[Records from a collection]
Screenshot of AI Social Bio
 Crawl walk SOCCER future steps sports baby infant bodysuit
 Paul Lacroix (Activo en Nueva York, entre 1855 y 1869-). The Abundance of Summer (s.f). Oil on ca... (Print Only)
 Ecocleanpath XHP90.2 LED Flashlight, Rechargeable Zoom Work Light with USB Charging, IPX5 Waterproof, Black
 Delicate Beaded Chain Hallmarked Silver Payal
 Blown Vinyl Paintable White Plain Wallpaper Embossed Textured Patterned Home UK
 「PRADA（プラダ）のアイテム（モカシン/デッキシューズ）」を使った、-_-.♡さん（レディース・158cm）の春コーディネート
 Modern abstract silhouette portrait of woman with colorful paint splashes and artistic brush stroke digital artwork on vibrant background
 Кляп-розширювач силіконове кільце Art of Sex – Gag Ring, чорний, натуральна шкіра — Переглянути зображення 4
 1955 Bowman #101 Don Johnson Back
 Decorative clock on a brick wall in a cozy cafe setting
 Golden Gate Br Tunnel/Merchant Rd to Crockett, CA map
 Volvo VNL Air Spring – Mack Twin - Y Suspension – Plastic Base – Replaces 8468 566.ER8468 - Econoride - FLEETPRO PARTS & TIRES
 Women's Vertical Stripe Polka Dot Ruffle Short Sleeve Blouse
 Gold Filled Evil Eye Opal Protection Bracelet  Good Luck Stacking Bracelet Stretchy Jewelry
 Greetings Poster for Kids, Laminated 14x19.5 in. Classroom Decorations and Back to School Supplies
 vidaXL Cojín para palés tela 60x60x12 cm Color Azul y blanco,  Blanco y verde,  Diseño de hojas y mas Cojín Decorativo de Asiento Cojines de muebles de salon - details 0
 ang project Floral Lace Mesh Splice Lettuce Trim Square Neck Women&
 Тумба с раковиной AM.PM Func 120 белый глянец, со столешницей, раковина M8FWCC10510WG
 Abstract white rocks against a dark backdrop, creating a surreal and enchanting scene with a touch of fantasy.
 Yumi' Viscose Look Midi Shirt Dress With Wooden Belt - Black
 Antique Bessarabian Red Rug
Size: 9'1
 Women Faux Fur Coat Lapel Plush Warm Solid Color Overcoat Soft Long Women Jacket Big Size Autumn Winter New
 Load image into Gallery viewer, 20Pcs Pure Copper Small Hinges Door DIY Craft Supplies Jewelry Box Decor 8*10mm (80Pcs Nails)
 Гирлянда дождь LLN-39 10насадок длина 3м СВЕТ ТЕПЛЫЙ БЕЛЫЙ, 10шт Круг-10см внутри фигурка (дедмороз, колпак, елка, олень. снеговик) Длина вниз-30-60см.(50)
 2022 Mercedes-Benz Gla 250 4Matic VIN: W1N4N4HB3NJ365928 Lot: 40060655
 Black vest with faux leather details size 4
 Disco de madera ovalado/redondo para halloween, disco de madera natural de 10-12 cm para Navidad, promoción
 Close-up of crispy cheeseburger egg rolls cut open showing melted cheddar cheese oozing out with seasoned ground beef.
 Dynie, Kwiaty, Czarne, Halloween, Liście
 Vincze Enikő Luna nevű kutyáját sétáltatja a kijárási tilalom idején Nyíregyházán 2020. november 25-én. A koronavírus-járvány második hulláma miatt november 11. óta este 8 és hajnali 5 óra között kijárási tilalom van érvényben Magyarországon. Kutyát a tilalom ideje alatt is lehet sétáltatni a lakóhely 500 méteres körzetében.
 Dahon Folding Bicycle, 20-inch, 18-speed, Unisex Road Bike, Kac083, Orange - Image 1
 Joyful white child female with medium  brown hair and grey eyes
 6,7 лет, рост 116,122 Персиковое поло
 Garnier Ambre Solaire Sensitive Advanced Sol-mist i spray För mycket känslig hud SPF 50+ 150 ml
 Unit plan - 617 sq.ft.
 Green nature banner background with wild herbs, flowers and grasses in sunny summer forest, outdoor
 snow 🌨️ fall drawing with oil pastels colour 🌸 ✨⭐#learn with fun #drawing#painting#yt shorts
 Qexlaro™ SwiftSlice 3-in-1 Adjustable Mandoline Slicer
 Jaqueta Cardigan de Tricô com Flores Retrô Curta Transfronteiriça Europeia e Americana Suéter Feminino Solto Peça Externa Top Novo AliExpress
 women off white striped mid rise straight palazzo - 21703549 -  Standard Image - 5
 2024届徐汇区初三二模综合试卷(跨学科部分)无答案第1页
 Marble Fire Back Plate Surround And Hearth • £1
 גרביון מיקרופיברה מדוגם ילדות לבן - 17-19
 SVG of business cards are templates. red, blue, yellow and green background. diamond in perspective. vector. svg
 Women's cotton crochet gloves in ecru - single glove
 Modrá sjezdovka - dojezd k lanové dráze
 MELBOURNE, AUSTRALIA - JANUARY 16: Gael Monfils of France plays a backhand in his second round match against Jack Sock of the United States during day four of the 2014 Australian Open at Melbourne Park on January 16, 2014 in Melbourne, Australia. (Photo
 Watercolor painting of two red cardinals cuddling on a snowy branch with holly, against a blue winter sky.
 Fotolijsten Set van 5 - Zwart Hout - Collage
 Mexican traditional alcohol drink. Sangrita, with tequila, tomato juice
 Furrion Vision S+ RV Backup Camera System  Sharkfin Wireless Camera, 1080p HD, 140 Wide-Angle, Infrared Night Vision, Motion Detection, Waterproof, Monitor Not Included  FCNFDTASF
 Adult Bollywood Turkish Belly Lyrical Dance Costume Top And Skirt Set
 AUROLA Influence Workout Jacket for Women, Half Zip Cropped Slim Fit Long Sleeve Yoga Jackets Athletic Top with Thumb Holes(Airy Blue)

» Work instruction
Copy the data above in its entirety, exactly as given.

» Output
Screenshot of AI Social Bio
 Crawl walk SOCCER future steps sports baby infant bodysuit
 Paul Lacroix (Activo en Nueva York, entre 1855 y 1869-). The Abundance of Summer (s.f). Oil on ca... (Print Only)
 Ecocleanpath XHP90.2 LED Flashlight, Rechargeable Zoom Work Light with USB Charging, IPX5 Waterproof, Black
 Delicate Beaded Chain Hallmarked Silver Payal
 Blown Vinyl Paintable White Plain Wallpaper Embossed Textured Patterned Home UK
 「PRADA（プラダ）のアイテム（モカシン/デッキシューズ）」を使った、-_-.♡さん（レディース・158cm）の春コーディネート
 Modern abstract silhouette portrait of woman with colorful paint splashes and artistic brush stroke digital artwork on vibrant background
 Кляп-розширювач силіконове кільце Art of Sex – Gag Ring, чорний, натуральна шкіра — Переглянути зображення 4
 1955 Bowman #101 Don Johnson Back
 Decorative clock on a brick wall in a cozy cafe setting
 Golden Gate Br Tunnel/Merchant Rd to Crockett, CA map
 Volvo VNL Air Spring – Mack Twin - Y Suspension – Plastic Base – Replaces 8468 566.ER8468 - Econoride - FLEETPRO PARTS & TIRES
 Women's Vertical Stripe Polka Dot Ruffle Short Sleeve Blouse
 Gold Filled Evil Eye Opal Protection Bracelet  Good Luck Stacking Bracelet Stretchy Jewelry
 Greetings Poster for Kids, Laminated 14x19.5 in. Classroom Decorations and Back to School Supplies
 vidaXL Cojín para palés tela 60x60x12 cm Color Azul y blanco,  Blanco y verde,  Diseño de hojas y mas Cojín Decorativo de Asiento Cojines de muebles de salon - details 0
 ang project Floral Lace Mesh Splice Lettuce Trim Square Neck Women&
 Тумба с раковиной AM.PM Func 120 белый глянец, со столешницей, раковина M8FWCC10510WG
 Abstract white rocks against a dark backdrop, creating a surreal and enchanting scene with a touch of fantasy.
 Yumi' Viscose Look Midi Shirt Dress With Wooden Belt - Black
 Antique Bessarabian Red Rug
Size: 9'1
 Women Faux Fur Coat Lapel Plush Warm Solid Color Overcoat Soft Long Women Jacket Big Size Autumn Winter New
 Load image into Gallery viewer, 20Pcs Pure Copper Small Hinges Door DIY Craft Supplies Jewelry Box Decor 8*10mm (80Pcs Nails)
 Гирлянда дождь LLN-39 10насадок длина 3м СВЕТ ТЕПЛЫЙ БЕЛЫЙ, 10шт Круг-10см внутри фигурка (дедмороз, колпак, елка, олень. снеговик) Длина вниз-30-60см.(50)
 2022 Mercedes-Benz Gla 250 4Matic VIN: W1N4N4HB3NJ365928 Lot: 40060655
 Black vest with faux leather details size 4
 Disco de madera ovalado/redondo para halloween, disco de madera natural de 10-12 cm para Navidad, promoción
 Close-up of crispy cheeseburger egg rolls cut open showing melted cheddar cheese oozing out with seasoned ground beef.
 Dynie, Kwiaty, Czarne, Halloween, Liście
 Vincze Enikő Luna nevű kutyáját sétáltatja a kijárási tilalom idején Nyíregyházán 2020. november 25-én. A koronavírus-járvány második hulláma miatt november 11. óta este 8 és hajnali 5 óra között kijárási tilalom van érvényben Magyarországon. Kutyát a tilalom ideje alatt is lehet sétáltatni a lakóhely 500 méteres körzetében.
 Dahon Folding Bicycle, 20-inch, 18-speed, Unisex Road Bike, Kac083, Orange - Image 1
 Joyful white child female with medium  brown hair and grey eyes
 6,7 лет, рост 116,122 Персиковое поло
 Garnier Ambre Solaire Sensitive Advanced Sol-mist i spray För mycket känslig hud SPF 50+ 150 ml
 Unit plan - 617 sq.ft.
 Green nature banner background with wild herbs, flowers and grasses in sunny summer forest, outdoor
 snow 🌨️ fall drawing with oil pastels colour 🌸 ✨⭐#learn with fun #drawing#painting#yt shorts
 Qexlaro™ SwiftSlice 3-in-1 Adjustable Mandoline Slicer
 Jaqueta Cardigan de Tricô com Flores Retrô Curta Transfronteiriça Europeia e Americana Suéter Feminino Solto Peça Externa Top Novo AliExpress
 women off white striped mid rise straight palazzo - 21703549 -  Standard Image - 5
 2024届徐汇区初三二模综合试卷(跨学科部分)无答案第1页
 Marble Fire Back Plate Surround And Hearth • £1
 גרביון מיקרופיברה מדוגם ילדות לבן - 17-19
 SVG of business cards are templates. red, blue, yellow and green background. diamond in perspective. vector. svg
 Women's cotton crochet gloves in ecru - single glove
 Modrá sjezdovka - dojezd k lanové dráze
 MELBOURNE, AUSTRALIA - JANUARY 16: Gael Monfils of France plays a backhand in his second round match against Jack Sock of the United States during day four of the 2014 Australian Open at Melbourne Park on January 16, 2014 in Melbourne, Australia. (Photo
 Watercolor painting of two red cardinals cuddling on a snowy branch with holly, against a blue winter sky.
 Fotolijsten Set van 5 - Zwart Hout - Collage
 Mexican traditional alcohol drink. Sangrita, with tequila, tomato juice
 Furrion Vision S+ RV Backup Camera System  Sharkfin Wireless Camera, 1080p HD, 140 Wide-Angle, Infrared Night Vision, Motion Detection, Waterproof, Monitor Not Included  FCNFDTASF
 Adult Bollywood Turkish Belly Lyrical Dance Costume Top And Skirt Set
 AUROLA Influence Workout Jacket for Women, Half Zip Cropped Slim Fit Long Sleeve Yoga Jackets Athletic Top with Thumb Holes(Airy Blue)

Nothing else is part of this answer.